En el centro del horror
Benedicto XVI dejó para el final de su viaje a Polonia el momento más difícil de la visita, con el que quiso lanzar un mensaje fuerte y claro a la Iglesia y al mundo: en la tarde del domingo, 28 de mayo, el Papa alemán atravesó el umbral del campo de concentración de Auschwitz, símbolo por antonomasia del horror nazi. Reproducimos parte de su discurso, en el que se puede distinguir claramente su pluma:
Tomar la palabra en este lugar de horror, de crímenes contra Dios y contra el hombre, sin parangón en la Historia, es casi imposible, y es particularmente difícil y oprimente para un cristiano, para un Papa que procede de Alemania. En un lugar como éste faltan las palabras; en el fondo, sólo hay espacio para un atónito silencio, un silencio que es un grito interior hacia Dios: ¿por qué te callaste? ¿Por qué has querido tolerar todo esto?

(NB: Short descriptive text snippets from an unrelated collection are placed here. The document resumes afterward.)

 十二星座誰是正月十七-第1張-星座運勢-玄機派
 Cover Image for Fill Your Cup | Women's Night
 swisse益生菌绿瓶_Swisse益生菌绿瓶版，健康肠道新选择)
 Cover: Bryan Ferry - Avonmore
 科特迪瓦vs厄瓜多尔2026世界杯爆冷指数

Era, y es, un deber ante la verdad y ante el derecho de quienes sufrieron, un deber ante Dios, el venir aquí como sucesor de Juan Pablo II y como hijo del pueblo alemán, hijo de ese pueblo del que tomó el poder un grupo de criminales con promesas mentirosas, en nombre de perspectivas de grandeza, de recuperación del honor de la nación o de su importancia, con previsiones de bienestar e incluso con la fuerza del terror y la amenaza. De este modo, nuestro pueblo pudo ser usado y abusado como instrumento de su manía de destrucción y dominio.
¿Dónde estaba Dios en esos días? ¿Por qué se calló? No podemos escrutar el secreto de Dios, sólo vemos fragmentos y nos equivocamos cuando nos queremos convertirnos en jueces de Dios y de la Historia.
Adoptemos la misma actitud con Dios que manifiesta el pueblo judío en los Salmos cuando implora: «¡Despierta! ¡No te olvides de tu criatura, el hombre!» Nuestro grito, dirigido a Dios, tiene que ser al mismo tiempo un grito que penetra en nuestro mismo corazón para que despierte en nosotros la presencia escondida de Dios, para que el poder que ha depositado en nuestros corazones no quede cubierto o sofocado en nosotros por el fango del egoísmo, por el miedo de los hombres, por la indiferencia y el oportunismo.
Es particularmente necesario elevar este grito a Dios en nuestro momento actual, en el que parecen surgir nuevamente en los corazones de los hombres todas las fuerzas oscuras: por una parte, el abuso del nombre de Dios para justificar una violencia ciega contra personas inocentes; y por otra, el cinismo que no reconoce a Dios y que escarnece la fe en Él. Gritamos a Dios para que lleve a los hombres a arrepentirse y a reconocer que la violencia no crea paz, sino que más bien suscita más violencia, un círculo de destrucción en el que a fin de cuentas todos pierden.